4. Boosting Customer Service
Customer service is a decisive factor when purchasing from a brand. It’s important to first-time buyers and repeat ones as well. According to statistics, 81% of shoppers will make another purchase from a brand with excellent customer service. The quality of customer service remains critical for 70% of clients, and 91% of respondents consider it essential to become loyal customers or not.
But the number of channels to communicate and assist customers expands. What are the ways to track their perception of the store? Analyze customer data and metrics in real-time. Check what they prefer on the website, what they write on your social media channels, and how they respond to the polls.
As data processing runs immediately, you can quickly respond to complaints. Take negative comments and sentiment analysis to enhance customer service, fix problems, and prevent them in the future. As soon as the situation takes a risky route, you can notice and stop it. For example, trigger communication with the needed representatives, send a better product, or apologize personally for the inconvenience.
5. Setting Dynamic Pricing for Attracting More Customers
Prospects perform extensive research before buying products. They may read reviews, check delivery terms, and compare prices on different websites. However, rates may change due to the season, demand, trends, and other factors. It’s essential to present competitive prices to maximize revenue without diverting visitors from your retail company.
Use dynamic pricing to manage offers. It’s a method of adapting prices to the market.
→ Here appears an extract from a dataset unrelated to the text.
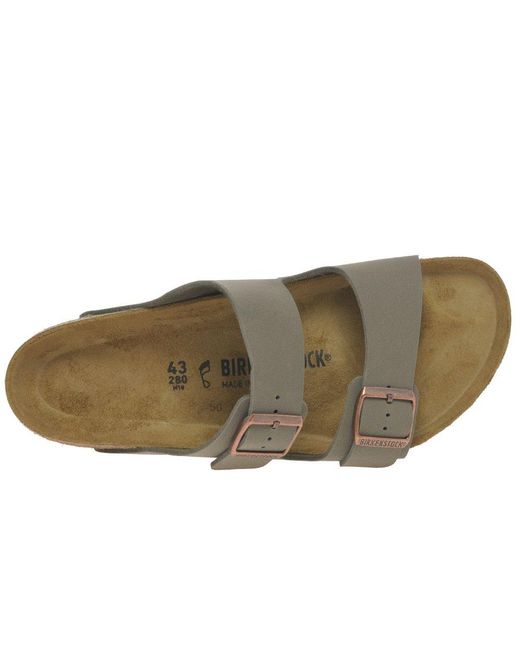Birkenstock Brown Arizona Sandals for men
Current dynamic pricing relies on historical data, artificial intelligence, and machine learning to determine the best prices for a store. Ride-sharing businesses like Uber and Lyft employ dynamic pricing all the time. Days with unfavorable weather conditions or rush hour affect the service costs to gain additional profits from these conditions.
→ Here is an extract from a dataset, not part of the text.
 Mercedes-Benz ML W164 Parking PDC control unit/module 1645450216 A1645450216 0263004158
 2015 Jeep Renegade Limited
eCommerce isn’t an exception. We expect prices to go higher on trendy products, while basic items are usually stable. Below are the most notable retailers with integrated dynamic pricing.
Employ real-time data to stay updated. As a result, you will be able to increase prices on the products with higher interest and decrease them if something sells worse.
To Wrap Up
As more people move to online shopping, merchants should cover more data and channels to ensure the best user experience. How can they achieve it and adapt to changing customer demands? With real-time eCommerce analytics. I’ve covered five ways how it impacts online retail. However, its possibilities go beyond pattern recognition, personalization, inventory management, customer service, and dynamic pricing.
Real-time data can help you plan the most effective strategies and stop those without beneficial results. Merge this data with website metrics to improve conversion rates, lower bounce rates, and build customer loyalty. But don’t limit yourself to on-the-spot decisions. Utilize this information to forecast future trends, boost productivity, and ensure business success in the long run.